Lachlan took Evie’s other hand and let out a long breath. “I’ve known her since we were babies. She feels so close, yet so far away.”
“I know. I’m sorry. This must be hell for you.”
He nodded, his eyes misting. “Worse for her parents though. Her mom sits with her every day, her dad plays guitar for her. They’re hoping that familiar things will help her get better.”
I nodded. “Sure can’t hurt.”
Lachlan reached across Evelyn’s body and took my hand. The three of us were connected now, a little ring of hope. “What happened that night, Georjie?” His voice was low, quiet. “You can tell me.”
“I told your dad everything already, Lachlan.” I held his gaze, not flinching as he probed for…whatever he was looking for. “Why? What do you think happened?”

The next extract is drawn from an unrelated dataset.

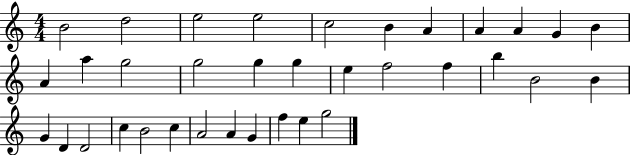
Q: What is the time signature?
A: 4/4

Lachlan’s gaze flickered with something. Suspicion? Curiosity? “I don’t know, I just think something really strange is happening and it all started with that body we found.” He counted off events on his fingers. “First, the body. Then the night the dogs went crazy, which was the night before the day we realized Evelyn went missing. Now, the body’s actually been taken from the morgue. Did you know that?”
I nodded. “Your dad told me.”
“Really?” He recoiled in surprise. “When did you see my dad?”
I really didn’t want to have to feed Lachlan the same lies I’d told his father. “It doesn’t matter, Lachlan,” I said, giving him a reassuring smile. “I just know, and I agree with you. It is weird.”
He didn’t even know the half of it. Only Jasher and I knew about the eldritch thing. Oh, and Laec, for all the help he was being.
Lachlan gave me a small smile, his cheek dimpled, and my secrets almost burst out of me. “Sure. We don’t have to talk about it.”
We sat quietly together in our thoughts until Lachlan broke the silence again with, “You coming to the bonfire tonight?”